The San Francisco Giants trailed the Boston Red Sox 4-0 as they went to bat in the first inning of an exhibition game at Phoenix, Ariz. last week. Boston's lead lasted less than five minutes. The Giants' Utility Infielder Ed Bressoud led off with a home run. Outfielder Willie Mays hit a triple to deepest center field. First Baseman Orlando Cepeda walloped a 450-ft. home run, and Outfielder Jackie Brandt followed with another homer--all off Ike Delock, Boston's winningest pitcher last year. In his box behind third base, the Giants' President Horace Stoneham smiled broadly. "This is a real team," he said. "We'll be there all the way this season, and if we win it, there may be no stopping us for five years to come." Nobody seemed to mind that the Giants eventually dropped the game on a late-inning homer by Boston's Frank Malzone, 9-7.

Young & Eager. For Horace Stoneham's Giants are young, eager and bursting with base hits. Last year they scored more runs (727) than any other team in the National League, led the league for brief periods until early August, when the inadequate pitching staff finally folded completely. Explains Manager Bill Rigney: "We had to borrow tomorrow's pitching today, and it finally caught up with us." The Giants finished third, behind Milwaukee and Pittsburgh.

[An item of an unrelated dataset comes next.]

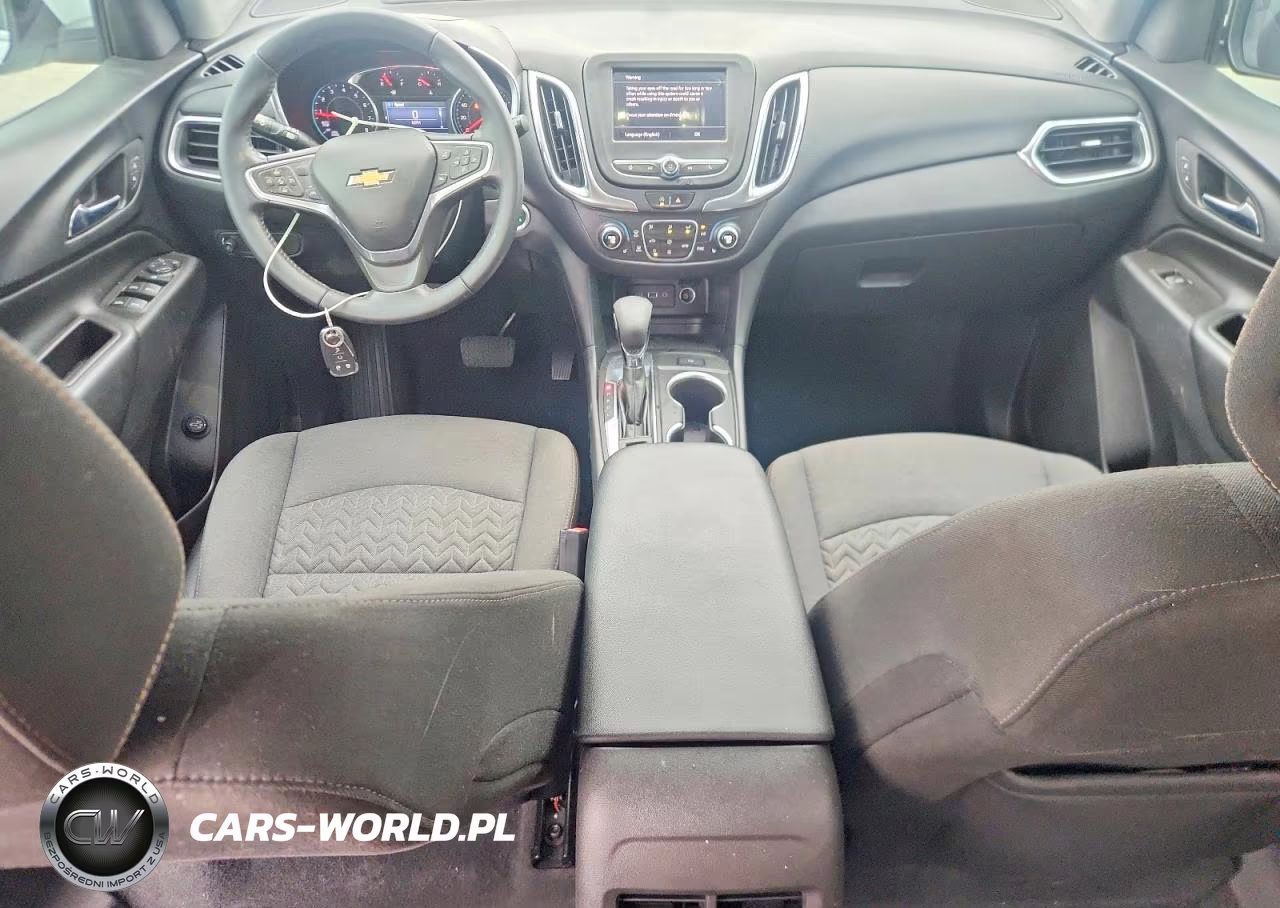 2022 Chevrolet Equinox Lt VIN:3GNAXKEV6NL170011 - 8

But over the winter, the Giants took on new strength while their chief rivals sagged. Milwaukee's second baseman and sparkplug Red Schoendienst, recovering from tuberculosis, will be out of play all season, and the Braves looked unimpressive as they dropped 15 of their first 21 spring training exhibitions. Pittsburgh's second-place Pirates gave up power that they could ill afford to lose when they traded Slugger Frank Thomas to the Cincinnati Reds. In the winter trading, the Giants picked up two established starting pitchers: Jack Sanford, 29, who won 19 games for Philadelphia two years ago, and aging (33) Sam ("Toothpick") Jones, a hard-throwing curve-bailer who led the league last year in strike-outs (225), was second in earned-run average (2.88), managed a 14-13 record for a St. Louis team that scored fewest runs in the league. With Lefthanders Johnny Antonelli (16-13 last year) and Mike McCormick (11-8), and slow-balling Righthander Stu Miller (whose 2.47 earned-run average was the league's best last year), the Giants have the best group of pitchers in years.

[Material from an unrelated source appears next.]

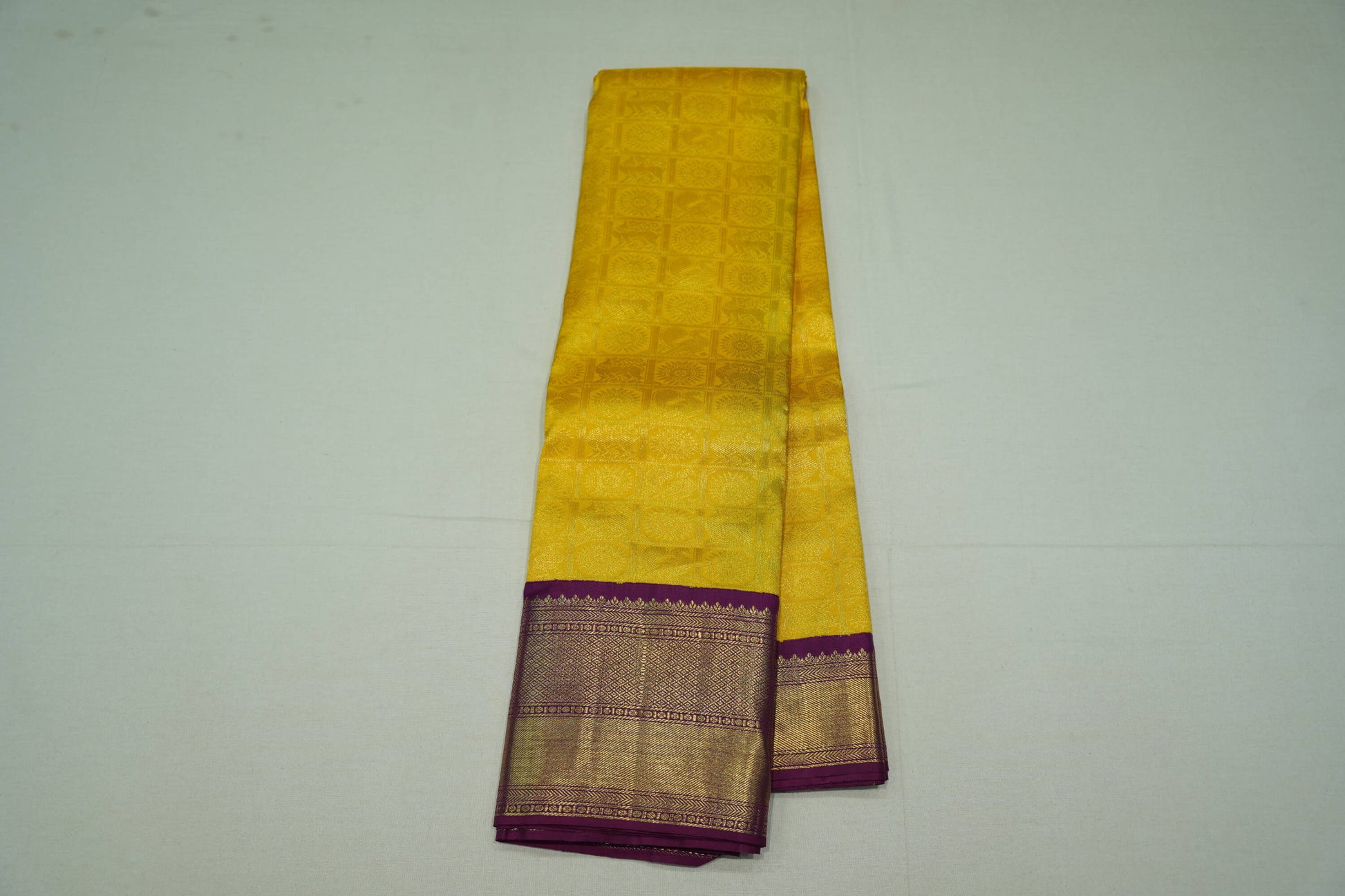 Online bridal kanchipuram silk saree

Butcher in Field. Thanks to good fortune with rookies, the rest of the Giant team looks solid. First Baseman Cepeda, 21, a big, amiable Puerto Rican, broke in last year with a .312 batting average, 25 home runs, 96 runs batted in ("I butcher in field," he says, "but you forget bad field when I hit"). Catcher Bob Schmidt, 25, hit 14 homers as a rookie last year. Third Baseman Jim Davenport, 25, hits adequately (.256), fielded so brilliantly in his freshman season that he is already considered one of the major's best glove men. Switched to shortstop, Andre Rodgers, 24, a onetime Bahamas cricket player, seems finally to have solved big-league pitching, was leading the team in batting average (.414), as the Giants broke camp at week's end.

The Giants' young outfield is fast and young, can hit and field. Rightfielder Felipe Alou, 23, sprays line drives to all fields, set seven batting records in the winter league of his native Dominican Republic. Back from two years in the Army, Leftfielder Jackie Brandt, 24, is an established hitter (.298 with the Giants in 1956) who can cover a wide range. Between them stands the incomparable Mays (.347 with 29 homers, 96 runs batted in last year). In reserve: Sluggers Leon Wagner, 24 (.317 last season), and Willie Kirkland, 25 (14 homers in 1958). Cracks Stoneham: "With Willie Mays, Alou and Brandt out there, we might go all year without letting a fly ball drop."